Le minimalisme demeure le grand leitmotiv de cette artiste qui, depuis quatre ans, enchante les publics un peu partout. Minimalisme dans sa présentation scénique, sans maquillage, sans effets. Minimalisme dans sa musique coulante et mélodique. «J'aime l'idée d'être sur scène sans me cacher. Et ce n'est pas un jugement de valeur sur les autres artistes. C'est juste que moi, je me retrouve quand j'ai rien à cacher et que je suis sur scène avec mes muscles, ma voix, mon visage quasiment pas maquillé, rien d'autre. Faut pas oublier qu'avant la musique, je venais du théâtre. Je crois beaucoup à l'instant présent de la performance. Comme un boxeur sur un ring.»

Elle poursuit: «Le personnage que je suis sur scène, ce n'est pas un masque. Il est très proche de moi. En fait, il est ce que j'aimerais être dans la vie. Mais dans la vie, j'ai beaucoup d'insécurités et de filtres sociaux alors que sur scène, j'ai l'impression d'être moi-même.»

Pour le deuxième album, Christine a tout mitonné elle-même sur son ordi à Paris avant de s'envoler à Los Angeles rencontrer Dâm-Funk, un grand Black pionnier du G-Funk qui a accepté de collaborer à un album mixé par le célèbre Manny Marroquin, mixeur de Kanye West, Rihanna, Alicia Keys, etc. 

Christine voulait un album de son propre aveu plus «pêchu». Traduire: plus musclé, incarné, agressif, comme si elle cherchait, à travers ce nouveau groove, à dépasser «la little French thing» ou à la remplacer par un modèle plus assumé, plus viril et plus puissant. 

Mais lorsque je lui fais remarquer que ce deuxième album est quand même pas mal plus doux que tout ce que les Kanye West et autres rappers américains peuvent produire, elle soupire d'une manière presque comique.

«Je sais! J'y arriverai jamais. J'ai l'énergie d'une licorne. On dirait que c'est plus fort que moi. Je suis là en train d'écrire et je me dis, ça va être dark, mon truc, mais j'y arrive pas. Y a toujours quelque chose de lumineux qui se glisse dans ma musique même quand je suis déprimée.»

«Doux», «lumineux», «mélodique», voilà des mots qui collent bien à la musique de Christine, mais mettez-la sur la même scène que Madonna, comme ça s'est passé à Bercy en 2015, et la danseuse en elle ne s'en laisse pas imposer. Christine raconte avoir été flattée d'apprendre que Madonna s'était inspirée du clip de la pièce Saint-Claude et qu'elle avait engagé le même duo de réalisateurs. L'invitation à Bercy de Madonna fut probablement une façon de se dédouaner face à Christine... qu'elle n'a cessé d'appeler Christina.

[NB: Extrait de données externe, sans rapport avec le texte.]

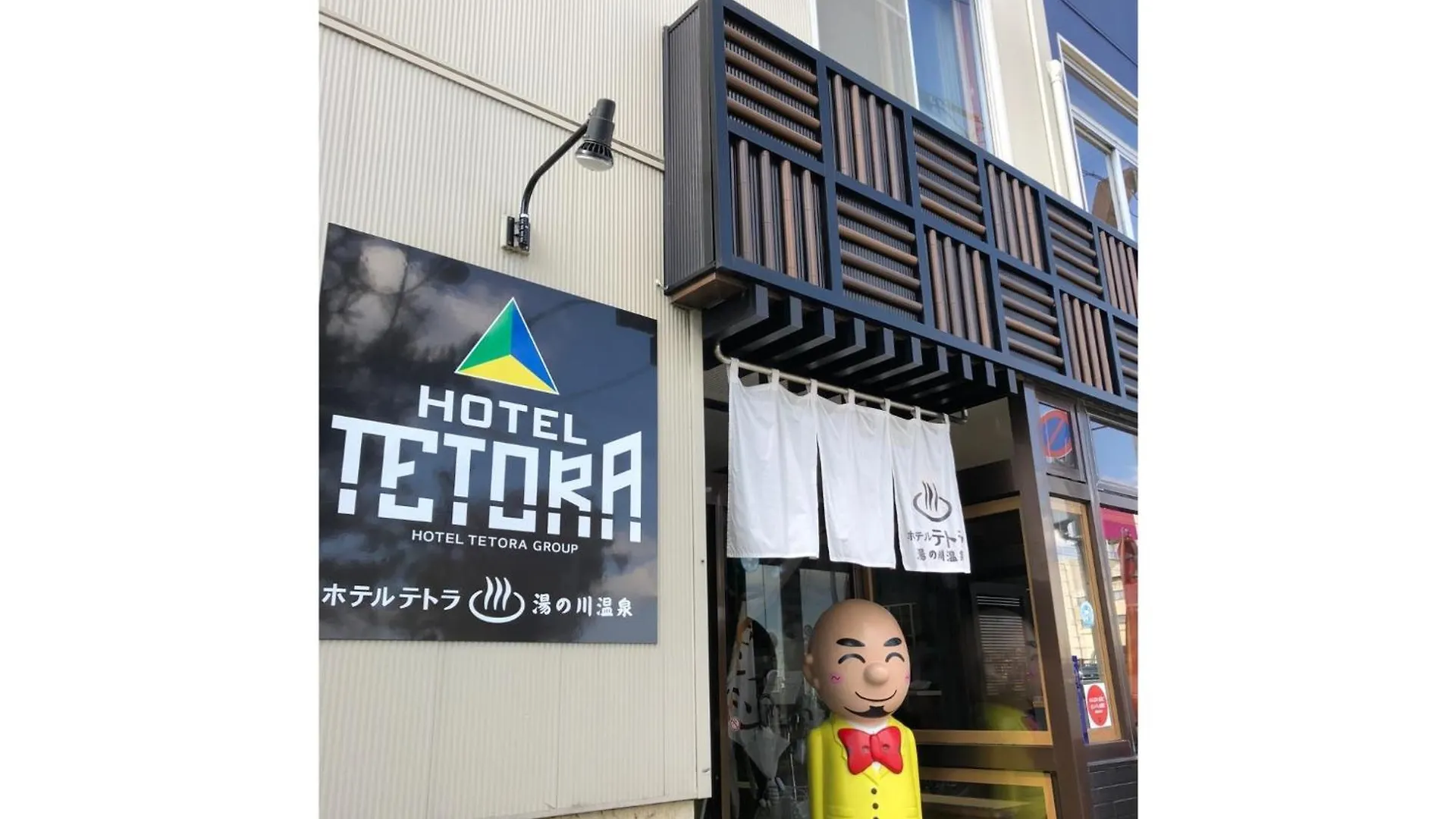 Hotel Tetora Yunokawaonsen - Vacation Stay 30577V Hakodate 0*,  Japón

«Oui, mais ça, c'est Madonna. Y a un truc chez elle qui fait qu'elle ne supporte pas de ne pas être celle qui domine. Je trouve son énergie très inspirante. Elle dégage une grande puissance et ne s'en excuse pas. J'aime bien Madonna pour ça... Mais bon, j'étais là et j'y serai encore dans cinq ans», lance-t-elle avec une pointe de doux défi dans sa voix, l'air de dire - à raison - «l'avenir m'appartient, Madonna n'a qu'à bien se tenir».

PHOTO RYAN PFLUGER, ARCHIVES THE NEW YORK TIMES

La chanteuse Héloïse Letissier, alias Christine and the Queens, s'apprête à lancer son deuxième album, Chris.